* RAW DATA:
BEGIN

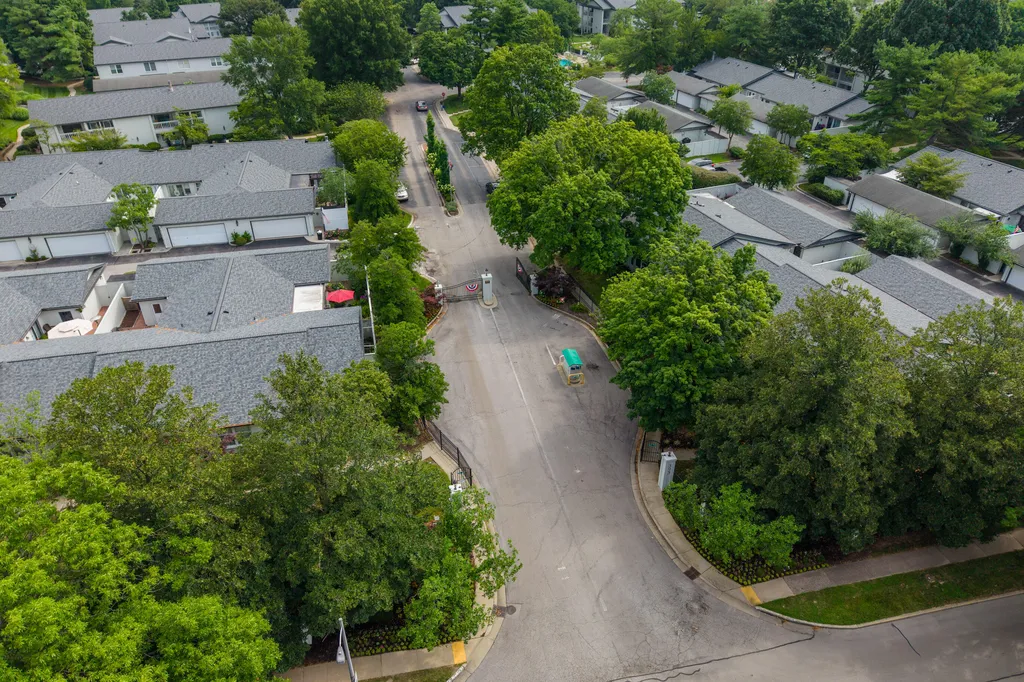 395 Redding Road Lexington KY 40517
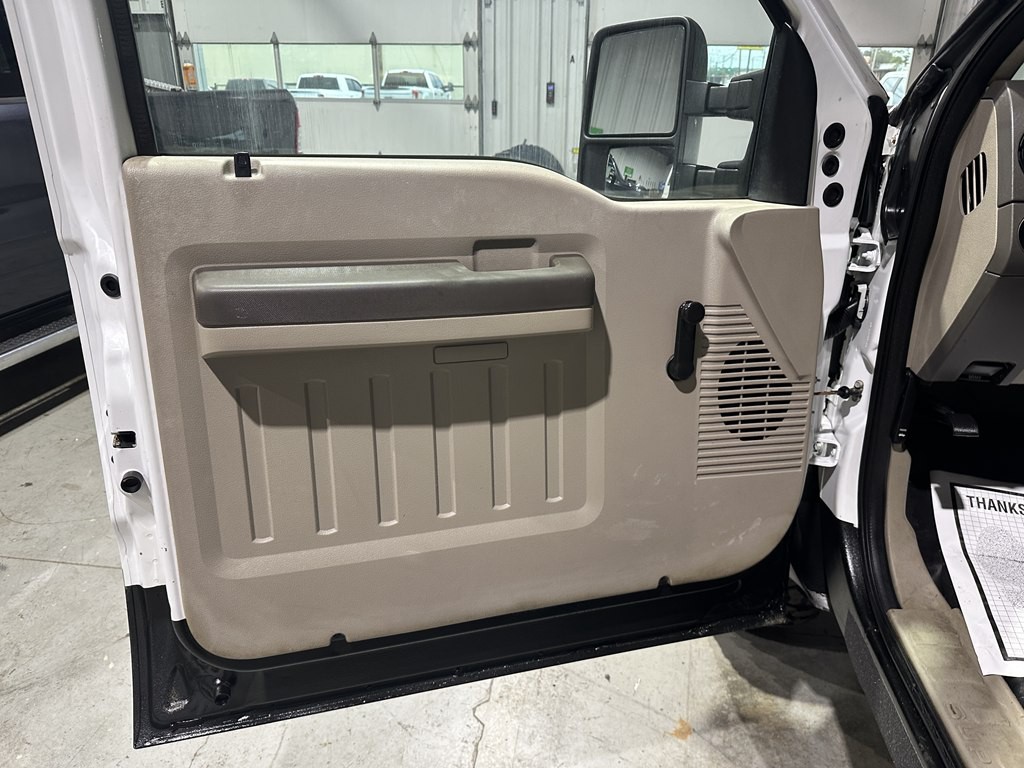 2008 Ford F-350 Image 11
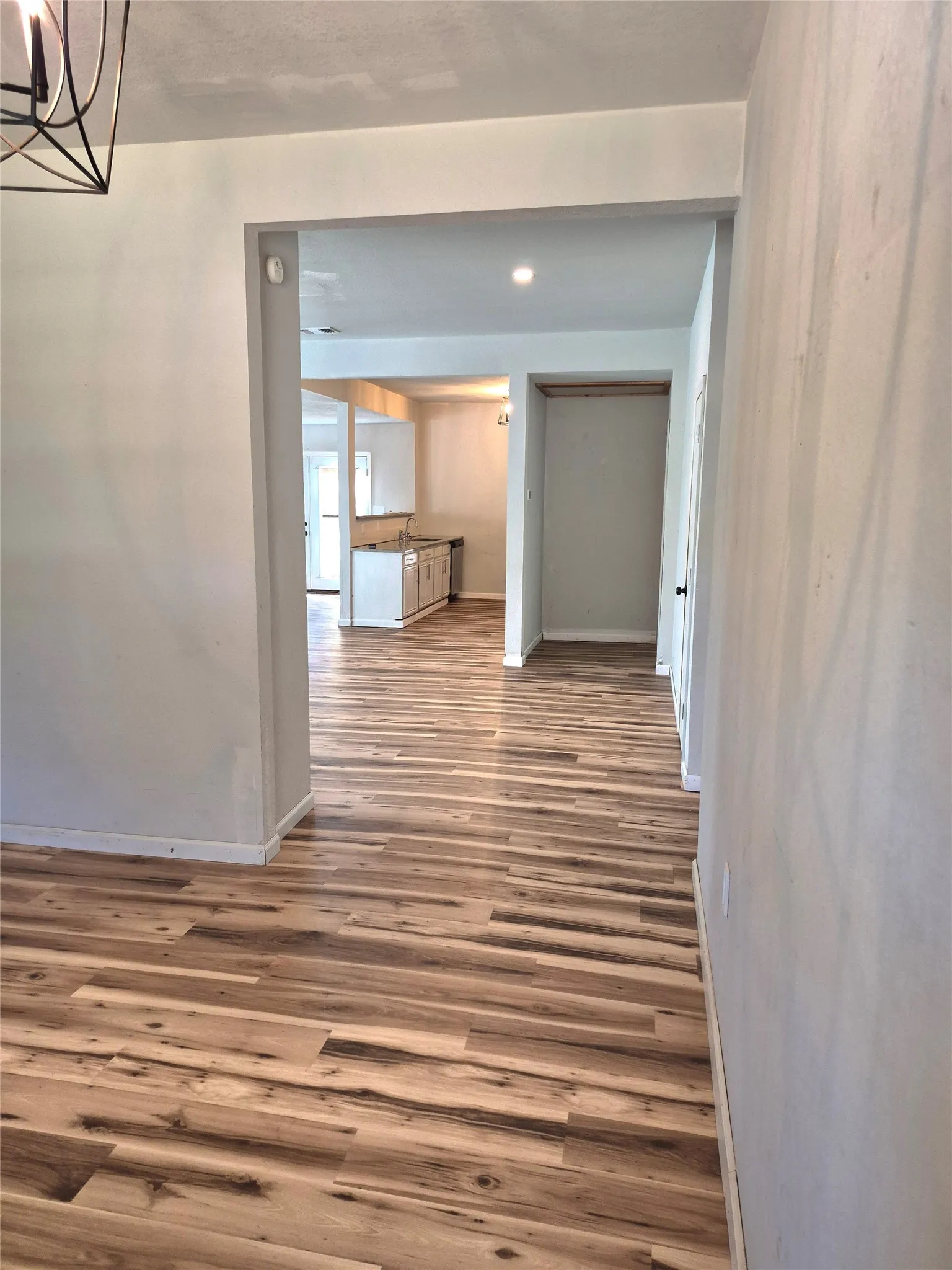 Single Family Residence For Sale in Palo Pinto County , 408 E Housley Street, Strawn, Texas 76475, 3 Bedroom, 1 Bathroom, Garage spaces, 1,760 Sqft, built in 1908, mls#21392415, Real Estate Agent in Strawn, Homes For Sale in Palo Pinto county, Homes For Sale in Strawn, Realtor in Strawn Texas, Real Estate Brokerage Independent Realty Texas, Luminita Cordes Realtor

END

* TO DO:
Leave the pictures out and output the rest of the listing exactly.

* WRITTEN ANSWER:
 395 Redding Road Lexington KY 40517
 2008 Ford F-350 Image 11
 Single Family Residence For Sale in Palo Pinto County , 408 E Housley Street, Strawn, Texas 76475, 3 Bedroom, 1 Bathroom, Garage spaces, 1,760 Sqft, built in 1908, mls#21392415, Real Estate Agent in Strawn, Homes For Sale in Palo Pinto county, Homes For Sale in Strawn, Realtor in Strawn Texas, Real Estate Brokerage Independent Realty Texas, Luminita Cordes Realtor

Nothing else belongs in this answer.